A little white bed with a neatly turned-back coverlet is made up within it. A long strip of white muslin, tied in a tasteful bow at the top, drapes its rounded sides. About it, but within the precincts of warmth and comfort, of which it is a fort, spreads a chamber of silence—a quiet, solemn, plainly furnished room, the appearance of which emphasizes the peculiarity of the cradle itself.
If the mind were not familiar with the details with which it is so startlingly associated, the question would naturally arise as to what it was doing there—why it should be standing there alone. No one seems to be watching it. It has not the slightest appearance of usefulness, and yet there it stands, day after day, and year after year—a ready prepared cradle and no infant to live in it.
And yet this cradle is the most useful and, in a way, the most inhabited cradle in the world. Day after day, and year after year, it is the recipient of more small wayfaring souls than any other cradle in the world. In it the real children of sorrow are placed, and over it more tears are shed than if it were an open grave.
It is the place where annually 1,200 foundlings are placed, many of them by mothers who are too helpless or too unfortunately environed to be further able to care for their child, and the misery which compels it makes of the little open crib a cradle of tears.
The interest of this particular cradle is, that it has been the silent witness of more truly heartbreaking scenes than any other cradle since the world began. For nearly thirty-five years it has stood where it does today, ready-draped, open, while as many thousand mothers have stolen shamefacedly in and, after looking hopelessly about, have laid their helpless offspring within its depths.

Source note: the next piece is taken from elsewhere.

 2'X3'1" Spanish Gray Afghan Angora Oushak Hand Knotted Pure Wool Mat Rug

For thirty-five years, winter and summer, in the bitterest cold and the most stifling heat, it has seen them come—the poor, the rich; the humble, the proud; the beautiful, the homely—and one by one they have laid their children down and brooded over them, wondering whether it were possible for human love to make so great a sacrifice and yet not die.
And then when the child has been actually sacrificed, when by the simple act of releasing their hold upon it and turning away they have actually allowed it to pass out from their love and tenderness into the world unknown, this silent cradle has seen them smite their hands in anguish and yield to such voiceless tempests of grief as only those know who have loved much and lost all.

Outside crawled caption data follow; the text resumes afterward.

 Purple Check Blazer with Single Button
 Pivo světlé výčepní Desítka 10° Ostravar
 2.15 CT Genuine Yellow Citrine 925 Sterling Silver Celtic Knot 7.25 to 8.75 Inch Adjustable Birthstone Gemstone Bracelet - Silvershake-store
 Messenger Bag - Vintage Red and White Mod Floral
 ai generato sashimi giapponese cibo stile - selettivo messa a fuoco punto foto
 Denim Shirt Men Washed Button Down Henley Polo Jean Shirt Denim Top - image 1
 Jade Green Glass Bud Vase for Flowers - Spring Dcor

The circumstances under which this peculiar charity comes to be a part of the life of the great metropolis need not be rehearsed here. The heartlessness of men, the frailty of women, the brutality of all those who sit in judgment in spite of the fact that they do not wish to be judged themselves, is so old and so commonplace that its repetition is almost a weariness.
Still the tragedy repeats itself, and year after year, and day after day the unlocked door is opened and dethroned virtue enters—the victim of ignorance and passion and affection, and a child is robbed of an honorable home.